Chris: You’re listening to the Mythcreants Podcast with your hosts, Oren Ashkenazi, Wes Matlock and Chris Winkle. 

[Intro music]

Chris: You’re listening to the Mythcreants Podcast. I’m Chris and with me is:

Wes: Wes.

Chris: And-

Oren: Oren. 

Chris: Now in episode 333, we covered movement and pacing, but the movement was so slow, we only had a few minutes for movement at the end. Since then, the podcast has moved forward by 80 episodes.

Oren: So much movement in this podcast! [Wes laughs]

Chris: So now we return to movement, like some kind of annoying flashback, which has got to be frustrating for our listeners because they were obviously expecting us to get closer to the podcast’s dramatic conclusion, that is definitely coming! 

Oren: Yeah, I guess if you think about it, this podcast doesn’t have much movement because we don’t have a goal or an end point, we’re just going to keep making episodes forever. You can’t stop us. 

Wes: We’re Supernatural. [Wes and Chris laugh]

Chris: Oh, wow. 

Oren: Someone’s feisty today. 

Wes: Yeah, let’s do this! 

Chris: Yeah, we’re covering movement, which we’ve just done more coverage on lately, so we have more to say about it. It’s basically the feeling that the story is making progress towards the conclusion, whether that means the hero is getting closer to solving their problems or things are just coming to a head and disaster is getting closer and closer. So it can go in a positive direction or a negative direction, the point is that you feel that climax on its way. 

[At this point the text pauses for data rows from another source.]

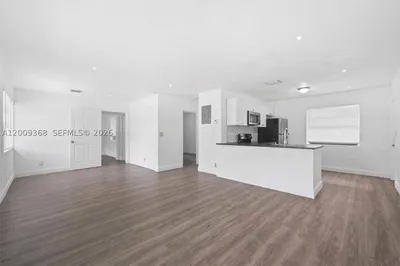1344 NW 7th Ter 1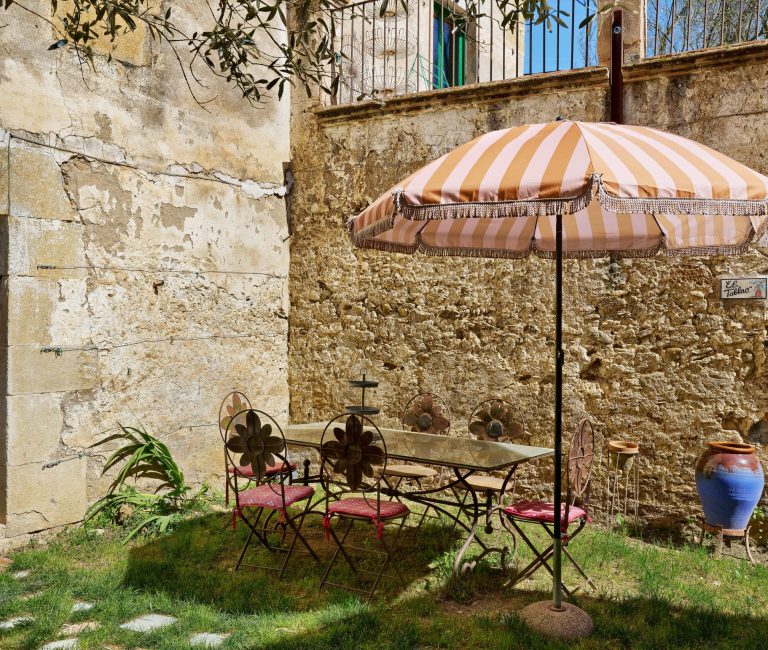 Privépatio van vakantiehuis Mas Ferrer Petit in Spanje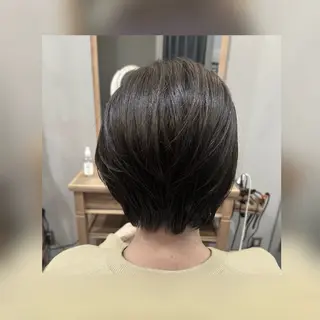 ショート カット 🌸 飯野 舞桜のヘアスタイル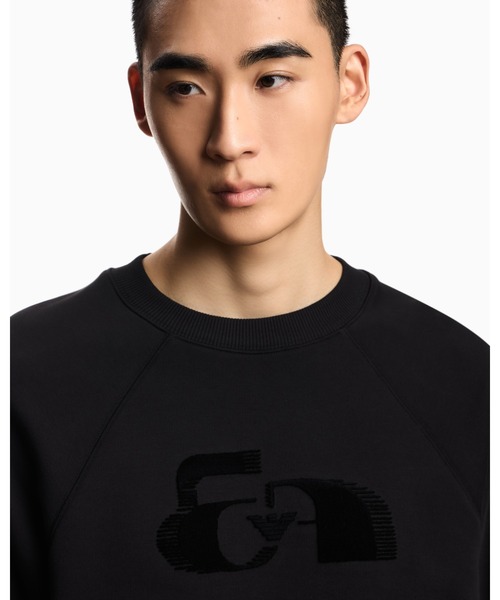 EMPORIO ARMANI（エンポリオアルマーニ）の「【エンポリオ アルマーニ】スウェットシャツ ジャージー オーバーサイズ フロックロゴ（スウェット・メンズ・ブラック/ベージュ・LARGE/X-LARGE/SMALL/MEDIUM）」の5枚目の写真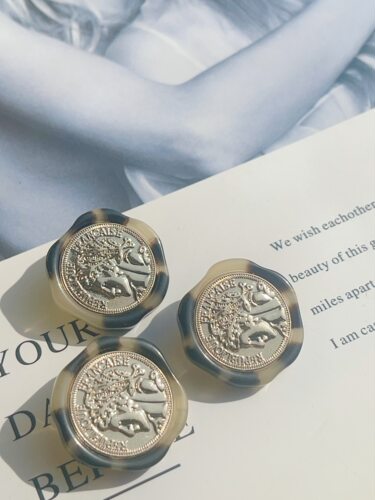 Jay'H人像金箔大衣纽扣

Oren: Movement is similar to things like background music or cinematography in that most of the time you only notice it if something is wrong. There are exceptions, sometimes you will notice when the movement is particularly good in the same way that you might notice that there is very good cinematography or that there is very good background music. But usually it will seamlessly fold into the greater story unless it’s not there, and then suddenly you will notice. 

Wes: But the experience of that is very much just you’re engaged, you’re focused, it’s engaging. That’s kind of what we want from our entertainment. 

Chris: People do generally like it when movement jumps forward, where if the story makes more progress than they expect. You can get into weird issues where it’s like, “Okay, this is what I thought was the conclusion of the story, but it’s not over yet.” But in general, if movement is faster than expected, that’s usually a positive experience. So it’s also, I should mention, referred to commonly as momentum. You’ll hear that a lot, and the reason why people call it momentum is because it comes with the sense that events are building on each other. That’s kind of like one of the basic requirements is that you have to feel like every event matters and causes the next event to occur like dominoes falling. People kind of think of that sense of causation to be momentum. In a literal sense, movement is a little bit closer to what’s actually happening. 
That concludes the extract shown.